● EXERCISE AIM
Omit every picture, then give all the entries again exactly.
─── RECORDED DATA ───
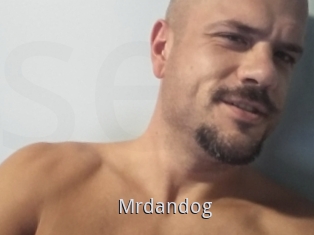 Mrdandog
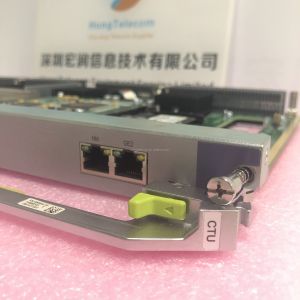 DWDM OSN 9800 U16 CTU board TNS1CTU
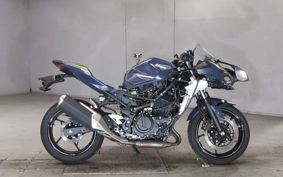 KAWASAKI NINJA400 EX400G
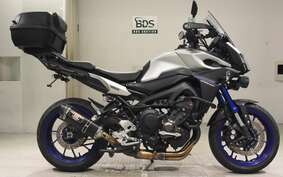 YAMAHA MT-09 Tracer 2016 RN36J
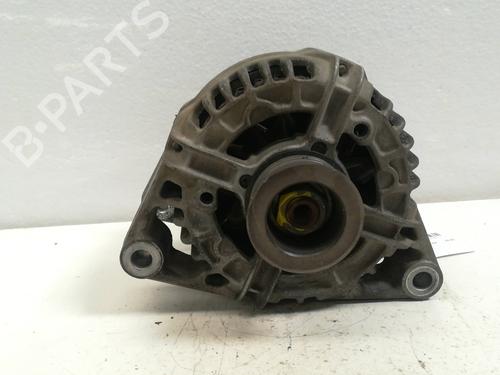 Alternator OPEL ZAFIRA A MPV (T98) 2.0 DTI 16V (F75) | BP9361175M7 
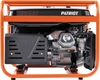 Генератор бензиновый PATRIOT GRS 6500E 476102271, 5 кВт, Оранжевый вариант - 8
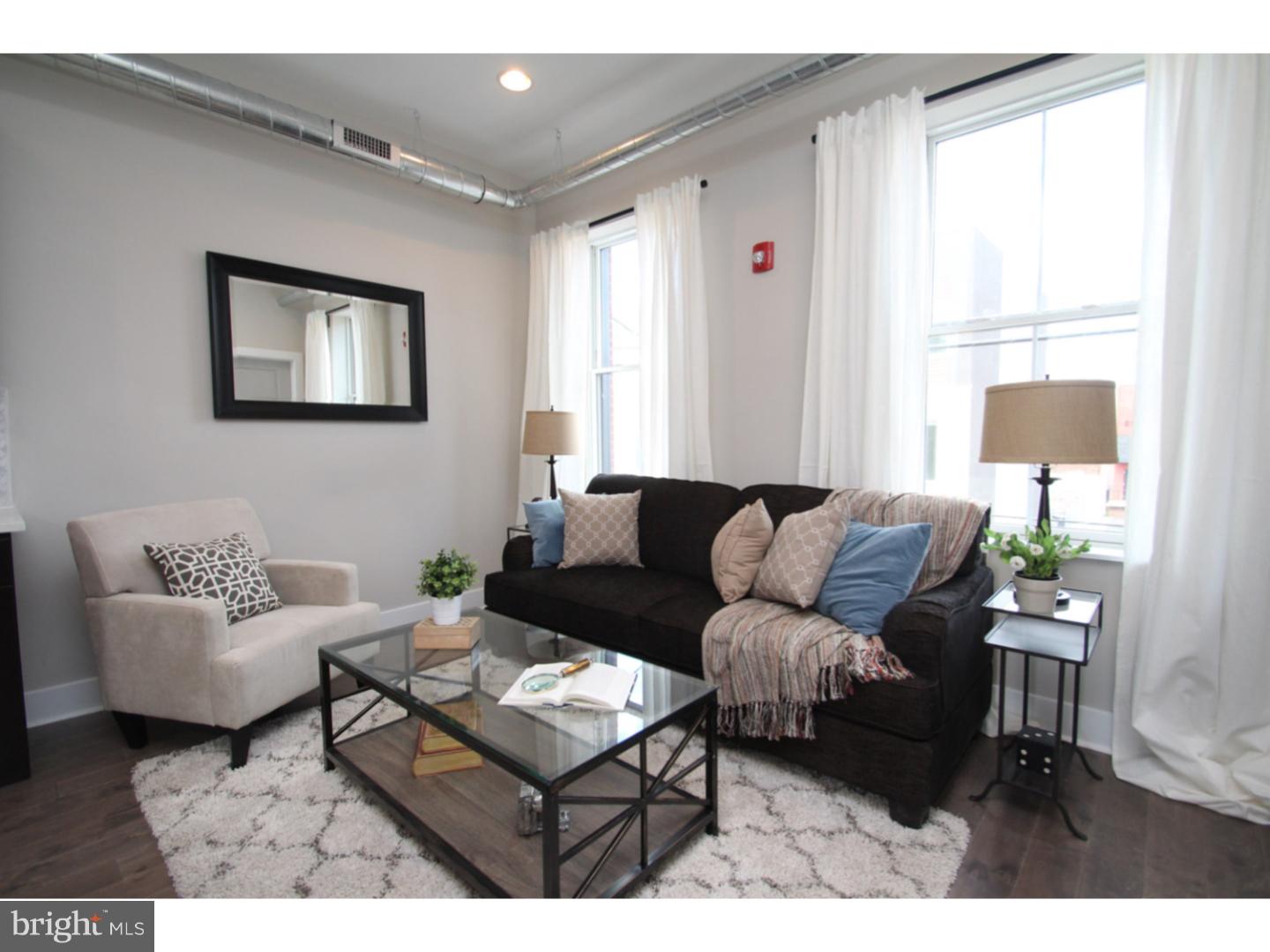 FISHTOWN - Residential Lease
───
● SOLUTION TO THE PROBLEM
 Mrdandog
 DWDM OSN 9800 U16 CTU board TNS1CTU
 KAWASAKI NINJA400 EX400G
 YAMAHA MT-09 Tracer 2016 RN36J
 Alternator OPEL ZAFIRA A MPV (T98) 2.0 DTI 16V (F75) | BP9361175M7 
 Генератор бензиновый PATRIOT GRS 6500E 476102271, 5 кВт, Оранжевый вариант - 8
 FISHTOWN - Residential Lease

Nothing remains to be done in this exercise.